Yesterday, we learned Caroline Kennedy is able to say "you know" twelve times in under a minute. Now that the entire NYT interview transcript is online, we know how much she loves "you know."

In all, Kennedy, who wants to be named Sen. Hillary Clinton's replacement once Clinton is confirmed as Secretary of State, used the phrase 138 times. (Times reporter David Halbfinger throws the term a couple times, too.)

Caroline Kennedy's Not-So-Eloquent NYT InterviewS

But the most interesting thing about the transcript is not just that Kennedy speaks like, well, you know, a regular person instead of a media-trained politician, but rather her apparent lack of self-awareness about her own celebrity and her seeming ignorance to the role of celebrity in politics.

Halbfinger and Nick Confessore try hard to get Kennedy to give them some tick-tock about her decision to seek the Senate seat, much to Kennedy's chagrin.
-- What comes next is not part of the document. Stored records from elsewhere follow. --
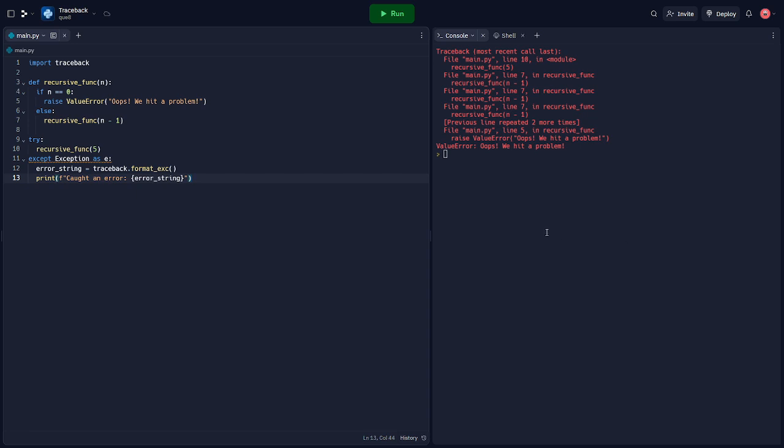This code is similar to our previous example, but instead of printing the traceback directly, we're capturing it as a string and printing it ourselves.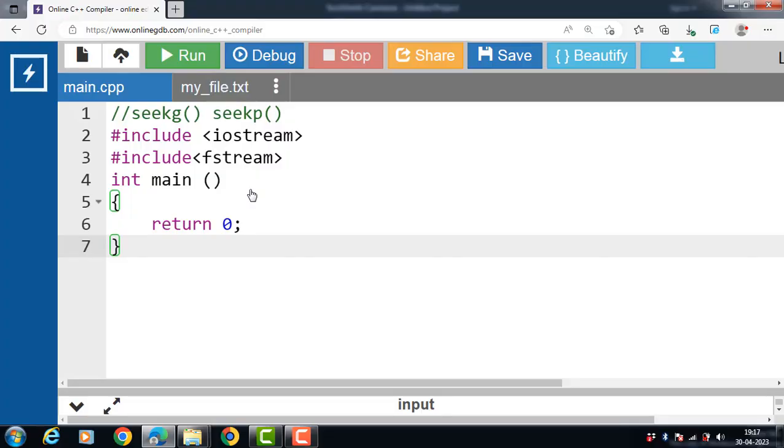Hello everyone, in this video we will discuss the concept of seekG function in C++ file handling.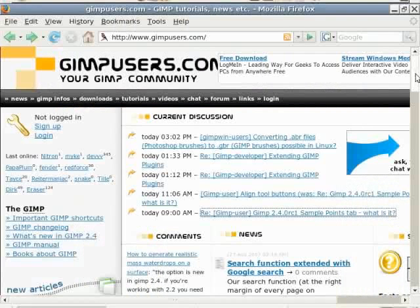Welcome to Meet the GIMP. My name is Rolf Steinhardt and I am recording this in Bremen, Northern Germany. For today's tutorial, I promised you a question and answer edition. So let's start with some news.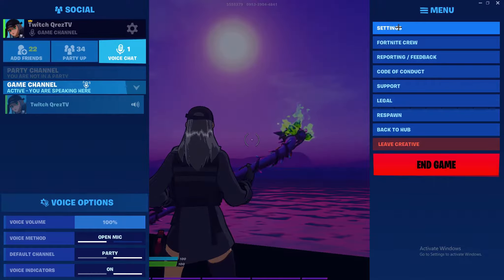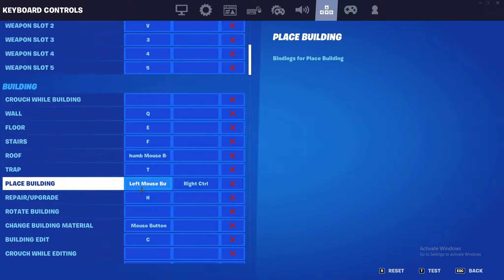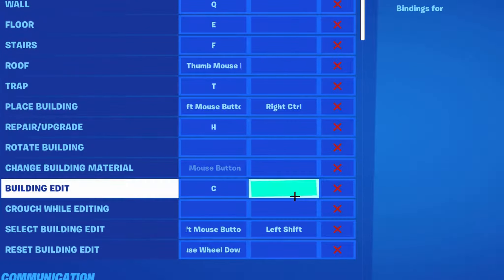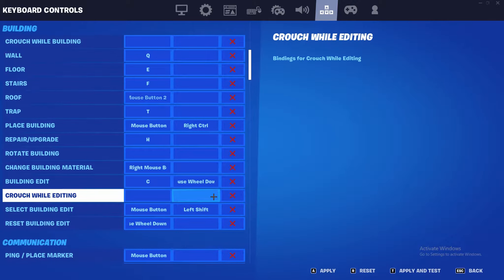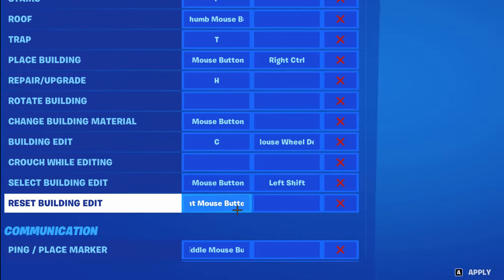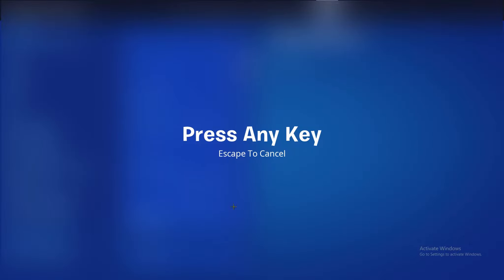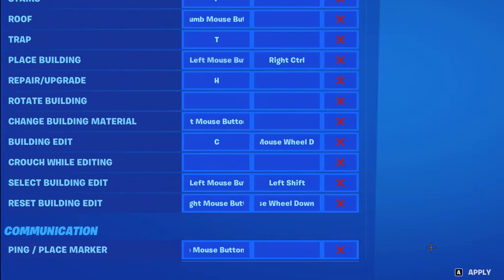All you have to do — it's really simple. You just go to your settings, go to your keybinds, find your building edit. And you just want to make a secondary bind for Squirrel Wheel up or down. I prefer using Squirrel Wheel down, it's whatever you prefer. And then for your reset building edit, you want your primary to be whatever you use — it's probably Squirrel Wheel. I just put it to right mouse button because you're not going to be clicking that when you're editing. And then you have to have a secondary bind for this, and just do Squirrel Wheel down as well.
The quote she gave to try to deflect the questioning — "Have you guys ever thought about writing for, like, a woman’s magazine or something?" — made it into today's story, but if you look at the transcript, her larger dodge is even worse.

NC: Could you, for the sake of storytelling, could you tell us a little bit about that moment, like, where you were, what you said to him about your decision, how that played out?

CK: Have you guys ever thought about writing for, like, a woman’s magazine or something? (Laughter)

DH: What do you have against women’s magazines?

CK: Nothing at all, but I thought you were the crack political team here. As I said, it was kind of over a period of time, you know, obviously we talked about politics, we talked about what’s going on, we’ve been watching the team that the president-elect is putting together — Hillary Clinton is going to be a spectacular part of that team, you know, then there was a vacancy here, you know, just like everybody else, you know: who’s going to fill it, isn’t that interesting, there’s a lot of great candidates, you know, obviously I have become much more politically involved than I have in the past, so you know, I figure, why not try, I really think I have something to offer.

Kennedy's celebrity is the only rationale for her to be a Senator, but she doesn't want to say that. Instead, her argument boils down to she should be a Senator because she wants to be one.